The Indian rupee tumbled to a 3-month low of Rs.65.03 on Thursday as the banking crisis led to a run on the INR. The situation worsened when importers rushed for cover after it became clear that the Fed rate hikes could begin as early as March and go up to 100 bps during the year. The last time the INR closed so low was in the 3rd week of November last year. The INR impact worsened after the Monetary Policy Committee (MPC) minutes made it clear that the RBI may adopt a more cautious approach to rates considering that the IIP and the GDP are just about showing green shoots of recovery.
The CBI arrested Vikram Kothari and his son for the Rs.3700 crore bank defaults by their company, Rotomac Pens. While the principal amount owed to banks was nearly Rs.3000 crore there was also a huge interest outstanding on these loans. Among the PSU banks, Bank of India and Bank of Baroda have the largest exposure to Rotomac Pens followed by other PSU banks like IOB, Union Bank, Allahabad Bank, OBC and Bank of Maharashtra. The banks had expedited the filing of cases against Mr. Kothari fearing that they too may flee the country like Nirav Modi and Mehul Choksi.
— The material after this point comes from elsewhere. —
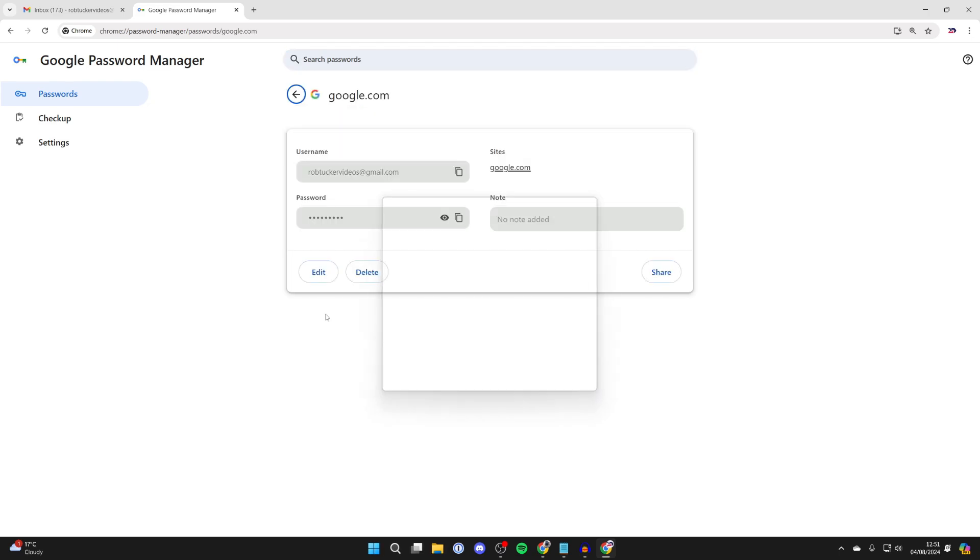You can click on the eye icon here to reveal it, or you can just copy it. And so now you know your Gmail password.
In the aftermath of the PNB fiasco over Nirav Modi, it has emerged that many Indian banks have contingent liabilities that are larger than their assets. In the Nirav Modi case, the entire scam is based on the LOU (guarantees) given by PNB based on which other banks had extended loans to Nirav Modi. Contingent liabilities are a worry for banks as they are not reflected in the balance sheets and the risk is always contingent upon a set of circumstances. While PNB had contingent liabilities to the tune of 50% of its assets, it was above 74% for Canara Bank. In the case of many smaller banks the ratio is worse.
A day after the bid for Bhushan Steel by Liberty House of UK was struck down, the Liberty Group of UK has decided to approach the National Company Law Tribunal (NCLT) to challenge the rejection of its bid. The complaint of Liberty House is that its bid was higher than that of Tata Steel and should therefore have been put up for consideration. Tata Steel had bid quite aggressively for Bhushan Steel as the acquisition will help Tata Steel take its total steel capacity in India to over 21 million tonnes making it the largest steel producer in India. Liberty is of the way that creditors are being denied recovery.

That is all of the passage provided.